In Hong Kong, the banking battle lines between old and new are being drawn out.

It's just the latest Asian financial hub to roll out licenses to so-called virtual banks.

But they aren't just going to finance companies.

In Asia, it's big established tech firms that are threatening to crack open the industry.

Chinese tech titans Alibaba and Tencent led the charge.

Now even Japanese and South Korean messaging apps are also looking for ways to stash your cash.

Alun John covers financial regulation in Asia: (SOUNDBITE) (English) REUTERS ASIA REGULATION CORRESPONDENT, ALUN JOHN, SAYING: "Elsewhere the big tech giants are certainly spending a lot of time on the financial services but more on providing services to existing banks.

Whereas here the tech players are having banks branded under their own names, taking large equity stakes, and making a big thing about the fact they're a tech company and they're doing banking." One of the licence winners in Hong Kong says tech companies might even have an edge: (SOUNDBITE) (English) ZHONGAN INTERNATIONAL PRESIDENT, WAYNE XU, SAYING: "To operate online is not easy so ZhongAn is the first online insurer in China so we have the hands-on experience to handle all these kind of security design so that a user don't need to worry about security or privacy." It would be a big leapfrog for the industry - one that could leave the old giants in Asia behind.

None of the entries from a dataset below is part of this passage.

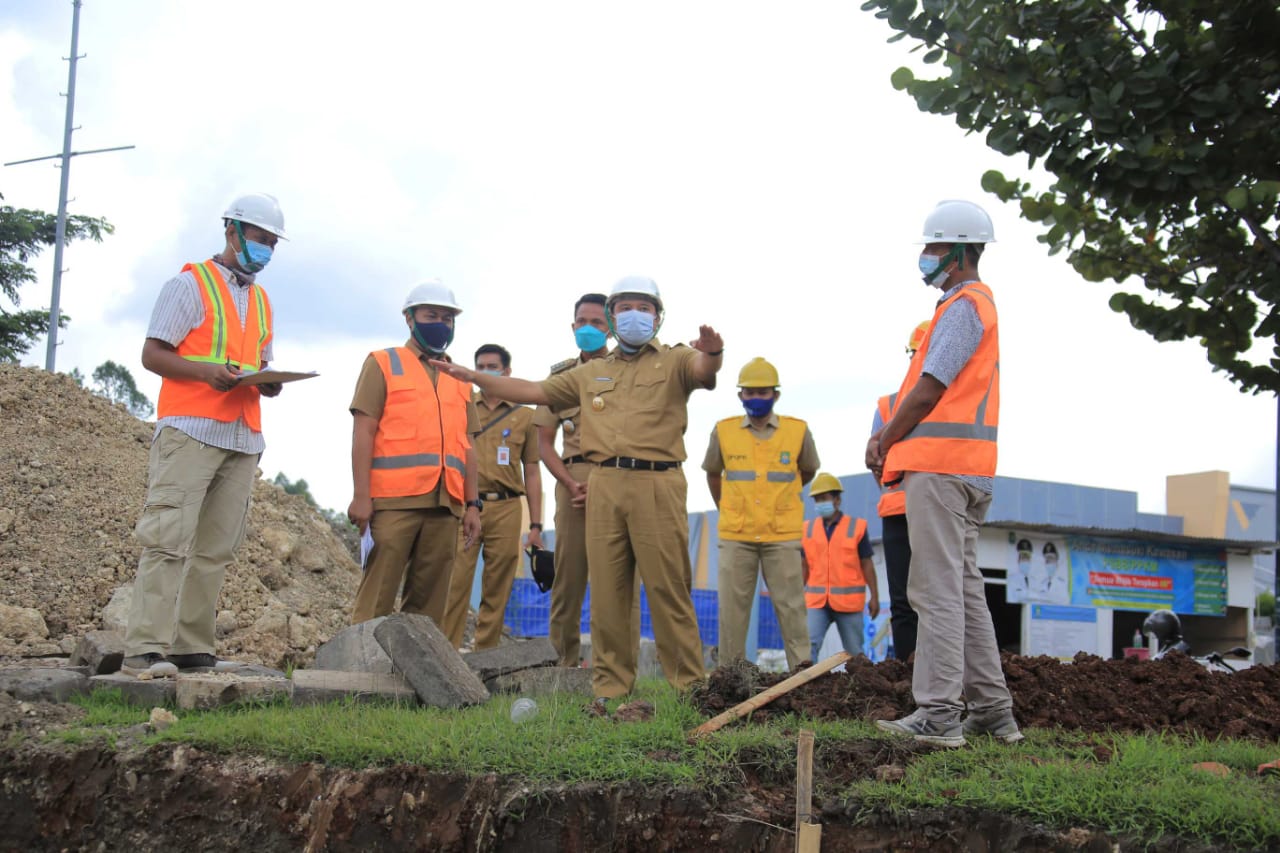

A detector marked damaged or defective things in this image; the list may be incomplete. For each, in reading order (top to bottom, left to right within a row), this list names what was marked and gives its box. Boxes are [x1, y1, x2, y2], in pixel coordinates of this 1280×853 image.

broken concrete block [69, 625, 124, 671]
broken concrete block [313, 617, 391, 671]
broken concrete block [373, 612, 488, 701]
broken concrete block [463, 635, 558, 681]
broken concrete block [0, 666, 88, 696]
broken concrete block [89, 671, 175, 701]
broken concrete block [175, 666, 290, 706]
broken concrete block [290, 666, 414, 701]
broken concrete block [483, 666, 593, 696]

(SOUNDBITE) (English) REUTERS ASIA REGULATION CORRESPONDENT, ALUN JOHN, SAYING: "From the big incumbent banks perspective it's difficult because they've got a large amount of legacy technology systems it's very hard for them to respond quickly to customers changing needs because they've been trying to do this for the last twenty, thirty years.

They're certainly concerned, they're not saying we're all doomed we give up we'll go home now.

But Asia for some global banks is where they make a huge amount of their money particuarly Hong Kong.

HSBC is phenomenally profitable here, so is Standard Chartered, to a lesser extent Bank of China Hong Kong.

And so anything that hurts their profitability in Hong Kong is worrying from a group perspective." It's too early to tell if these companies will be 'disrupters' on the scale of Amazon to retail, or Uber to transport.

But the number of physical bank branches here are already in steady decline just as virtual banks have arrived.